■ TASK ITEM
As the answer, give exactly the lines of the records below from the one with "delicate and beautiful)),dynamic" through the one with "oil and watercolor", ends included and pictures left out.

■ RECORDS TO USE

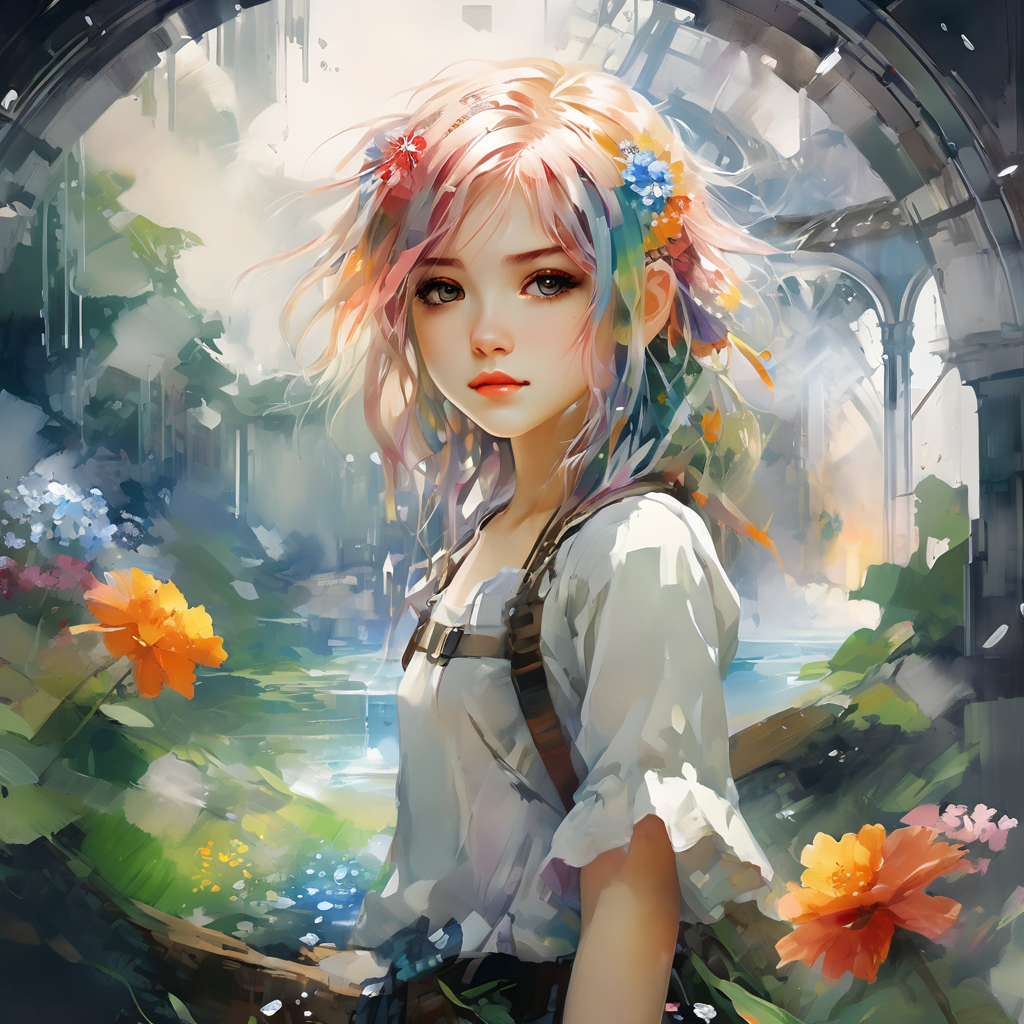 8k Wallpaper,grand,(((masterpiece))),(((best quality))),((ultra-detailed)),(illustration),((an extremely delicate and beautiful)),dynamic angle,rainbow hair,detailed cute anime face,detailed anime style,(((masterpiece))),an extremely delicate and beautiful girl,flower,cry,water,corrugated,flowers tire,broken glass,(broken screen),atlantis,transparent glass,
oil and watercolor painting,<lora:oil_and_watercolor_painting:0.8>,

==

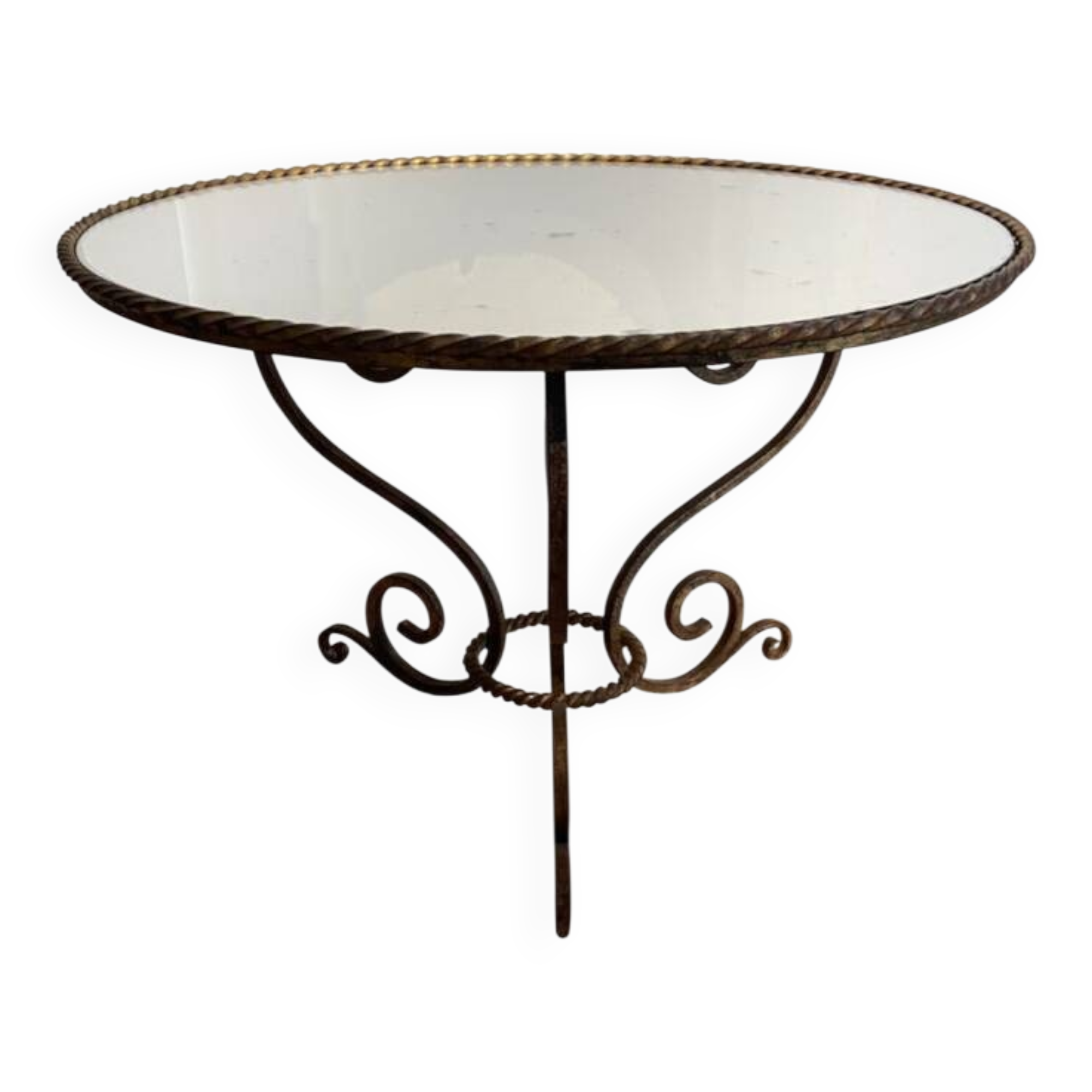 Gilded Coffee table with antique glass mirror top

==

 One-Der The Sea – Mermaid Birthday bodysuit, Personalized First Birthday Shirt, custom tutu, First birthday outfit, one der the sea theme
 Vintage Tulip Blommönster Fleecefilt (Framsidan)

■ PROBLEM SOLUTION
 8k Wallpaper,grand,(((masterpiece))),(((best quality))),((ultra-detailed)),(illustration),((an extremely delicate and beautiful)),dynamic angle,rainbow hair,detailed cute anime face,detailed anime style,(((masterpiece))),an extremely delicate and beautiful girl,flower,cry,water,corrugated,flowers tire,broken glass,(broken screen),atlantis,transparent glass,
oil and watercolor painting,<lora:oil_and_watercolor_painting:0.8>,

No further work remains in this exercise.